The story of Paulette Sterling begins on a crowded bus in Jamaica. As a young girl attending the prestigious St. Andrew High School, Paulette was a “late comer,” but not by choice or sloth. She had entered high school early, having passed her Common Entrance exams in the fifth grade and skipping her final year of primary school. In the corridors of that all-girls institution, she was a child among teenagers, gripped by a paralyzing shyness.
“I grew up actually being afraid of my voice,” she recalls, the vulnerability of that memory still palpable. “I just was afraid of speaking out loud… because in my mind, if I say ‘bus stop’ or ‘one stop,’ somebody would say, ‘Why does she sound like that?’ or ‘She didn’t say it correctly.’” Rather than utter the two words required to signal the driver, Paulette would sit in silent, sweating agony as her stop drifted past. She would wait for someone else to call the stop—often miles away from her school—and then walk back in the heat, arriving late only to have her name highlighted as a “late comer.” She accepted the shame of the “late” mark beside her name as a fair price for the safety of her silence.
“I grew up actually being afraid of my voice,”
This was the raw, unpolished beginning of a woman who would eventually lead the global RESPECT Campaign and manage multi-year transition mapping for major financial institutions. Her journey is a testament to the truth that leadership is cultivated courage.
By the age of twenty-one, the girl who could not hail a bus was suddenly thrust into leadership roles. The transition was jarring. “The minute I entered the work world, I entered in a leadership role,” she says. “How am I leading people? How am I going to lead people?” In those early years, she felt the crushing weight of needing to belong. Surrounded by colleagues discussing their teenagers and mortgages, the twenty-one-year-old Paulette felt like an imposter. She began a performance of a different kind: pretending to be older to gain credibility. She masked her youth, fearing that her true perspective as a twenty-one-year-old would be dismissed.
It was through this struggle that she discovered the foundational pillar of her current philosophy: authenticity. She realized that the mask of age was as restrictive as the silence on the bus. Her evolution as a leader was marked by a shift from trying to be a “better version” of her boss to becoming a “better version” of herself. She began to understand that leadership was a movement rooted in conviction.
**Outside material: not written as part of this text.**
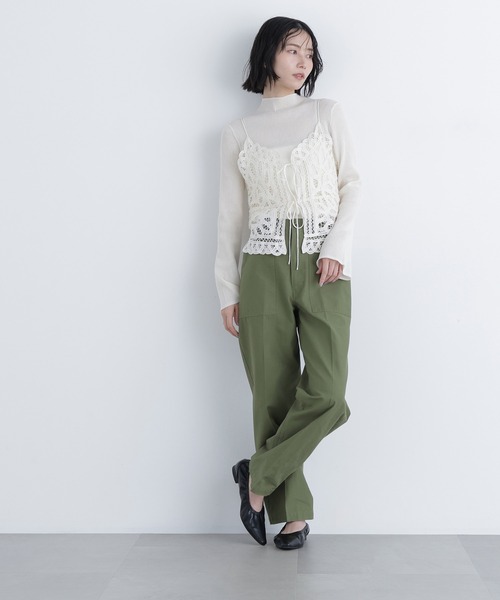 N.(N. Natural Beauty Basic)(エヌエヌナチュラルビューティーベーシック)の「バテンレースビスチェ(キャミソール・レディース・ブラック/オフホワイト・フリ-)」の6枚目の写真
Drawing inspiration from the likes of Marcus Mosiah Garvey, she began to examine the internal mechanics of influence. She admired Garvey’s belief in self-reliance and his ability to create a movement through sheer conviction, even when the world told him he was “less of a person” because of the colour of his skin. Like Garvey, Paulette realized that influence begins with convincing yourself first. You must believe so deeply that you can bring others past their own limitations.
Her resolute nature was further sharpened by the writings of Jack Welch, specifically his book Winning. From Welch, she adopted the metaphor of the leader as a gardener. “He saw people; his work as leader, as a gardener… where he was there to prune people to help them grow,” she explains. This perspective allowed her to see organizational development as the nourishment of human potential. It also gave her the resolve to handle the pruning; the difficult decisions required to maintain organizational health.
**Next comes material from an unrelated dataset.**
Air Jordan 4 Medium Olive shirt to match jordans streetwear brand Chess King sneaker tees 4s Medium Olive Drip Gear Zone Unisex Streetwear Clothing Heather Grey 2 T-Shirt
“If you want to be a leader, you have to have courage.”
Throughout her career, from her time as Territory Manager in the UK to her role as Chief Representative Officer at JN Bank Canada, Paulette has treated resilience as a muscle. “If you want to be a leader, you have to have courage, and resilience needs to be handled like a muscle,” she insists. “You want good abs, you need to exercise. Even when you’re not seeing the two-pack, the four-pack, the six-pack as quickly as you would have wanted, you still have to get at it.”
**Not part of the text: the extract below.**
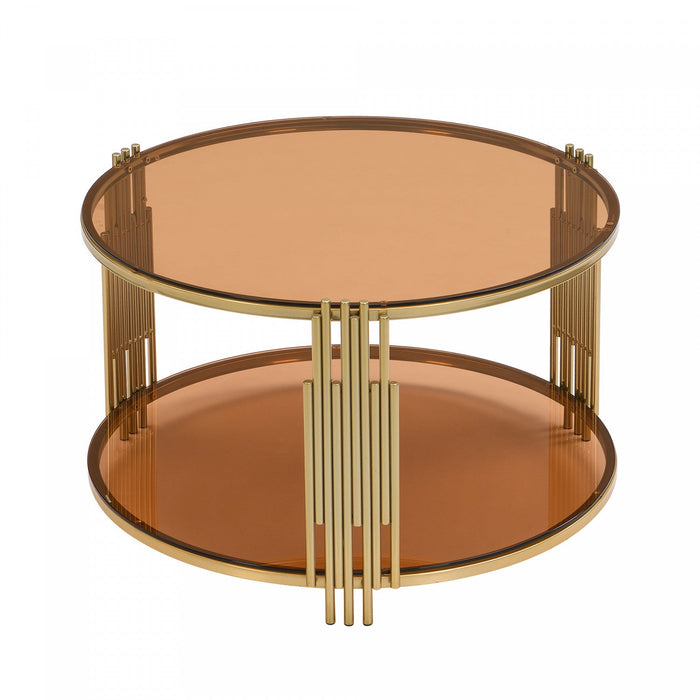 Jonas 31.5\" Round Tempered Glass Coffee Table With Lower Shelf - Brown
Today, Paulette’s mission has culminated in the launch of Sterling Business Management and her signature event, Transform to Lead: The Sterling Edge. Scheduled for January 27, 2026, this virtual experience is her way of offering the leadership development she wished she had as a young woman—development that is relatable, accessible, and rooted in lived realities. She is intentionally keeping the barrier to entry low, charging a mere $25 to ensure that emerging leaders in the Caribbean and the diaspora can access high-impact tools without being overwhelmed by the high costs or theoretical noise of traditional corporate training.
She wants people to stop waiting until retirement to think about legacy. “If your legacy is to transform ten leaders, then how you lead today would have to have a bearing on that,” she argues. Her own legacy is being written in real time, as she helps others find the voice she once feared to use.
Paulette J. Sterling’s life story is a narrative arc from the back of a bus to the front of a global movement. She has moved from being a girl who would walk miles to avoid being heard to a woman who advises senior executives on how to lead with purpose.
She remains a becoming, a daily commitment to growth, proving that the most powerful leaders are often those who had to fight the hardest just to speak their own names. Her journey reminds us that leadership is about the refusal to let fear drive the bus.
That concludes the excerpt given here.